Considering this, the Wilcoxon signed-rank test would be most appropriate where we cannot get a large sample, and the sample is not normally distributed. (Please correct me if I am wrong).
Could you suggest to me a couple of business use cases for the use of the Wilcoxon signed-rank test?
 A: "When the sample gets large, the data will be approximately normally distributed."
This is absolutely not true, so the rest of the question is based on a false premise. There is no reason to expect a large sample up be any closer to Normal than a small one. Perhaps you've misunderstood the central limit theorem?
A: The gist of (good) nonparametric tests is that they are almost (but not quite) as good as parametric tests when the parametric assumptions are met, but they can blow away parametric approaches when the parametric assumptions are false.
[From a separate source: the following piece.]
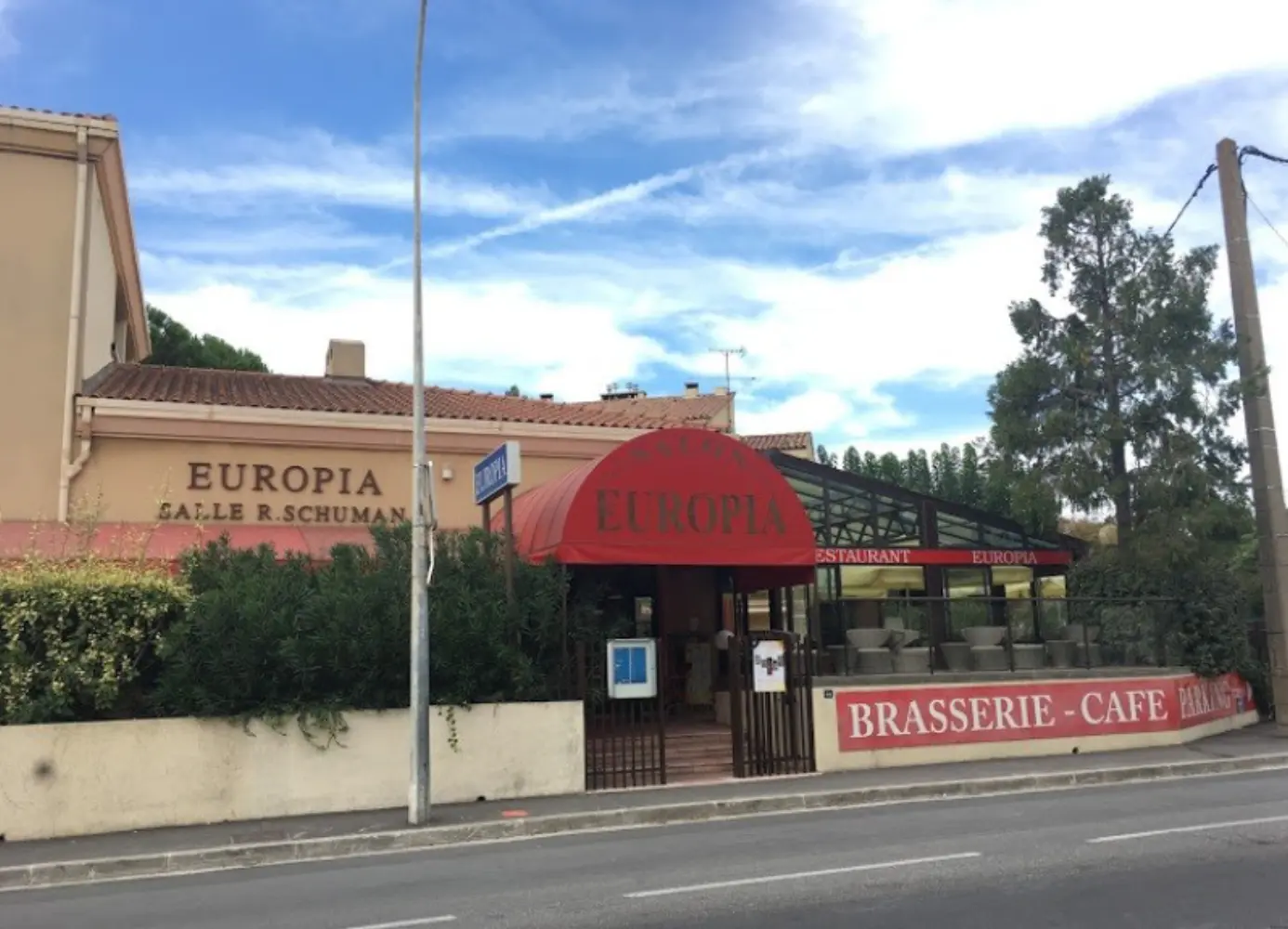 Salon Europia - Aix-en-Provence (Bouches-du-Rhône)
Yes, t-tests have good robustness to deviations from normality, but this has to do with the type I error rate. The power can be quite poor, especially if you badly deviate from normality; for instance, log-normal distributions can have rather slow convergence, despite meeting the assumptions of the central limit theorem.
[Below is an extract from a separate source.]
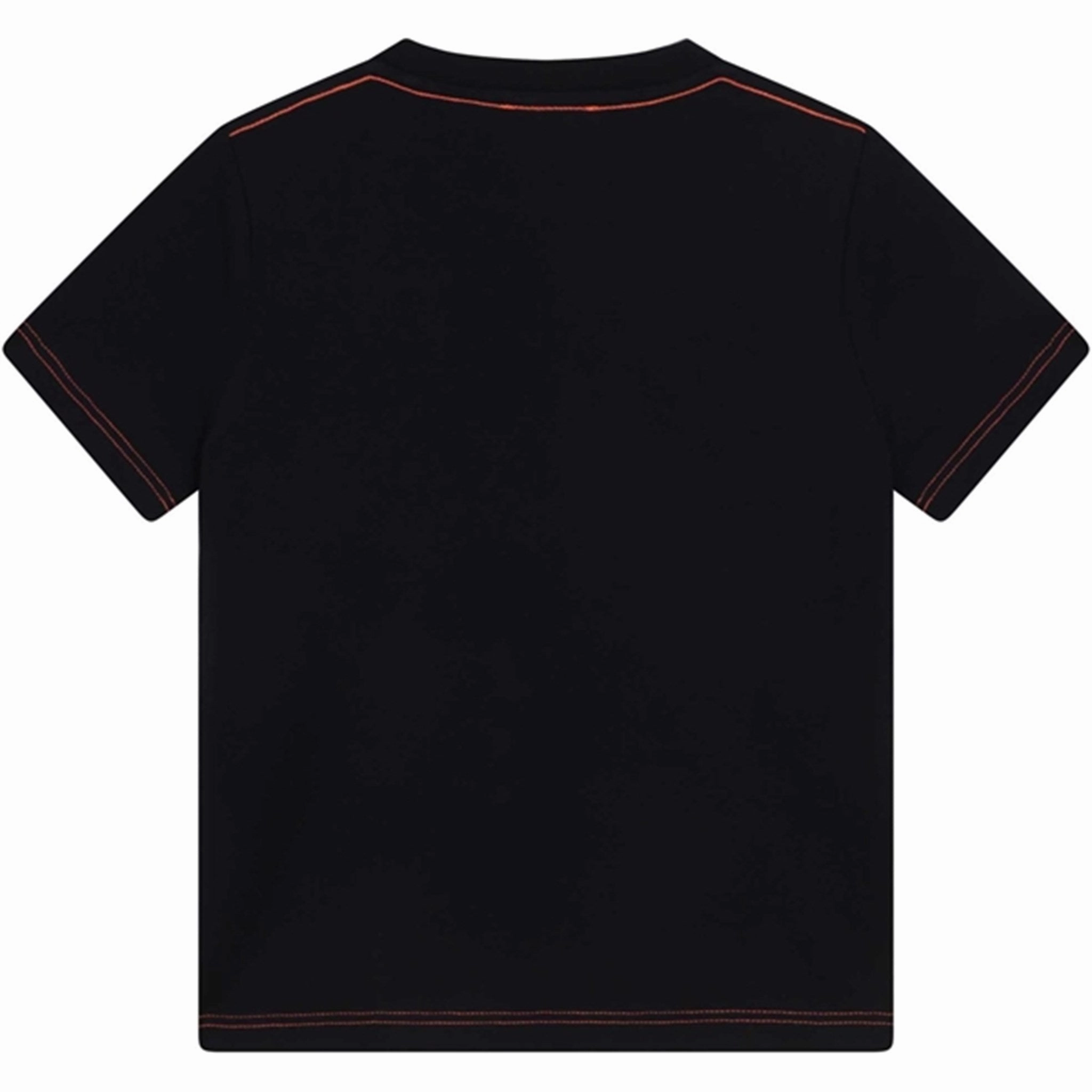 Little Marc Jacobs T-shirt Navy Breathable Style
I’ll close with a link of possible interest.
A: One example application of the Wilcoxon signed-rank test is for comparing the performance of two classifiers across multiple datasets. See e.g. Demšar, "Statistical Comparisons of Classifiers over Multiple Data Sets" JMLR 2006.
It is argued this is better than the (often-used) t-test because the t-test assumes a normal distribution and commensurate differences in performance across multiple datasets.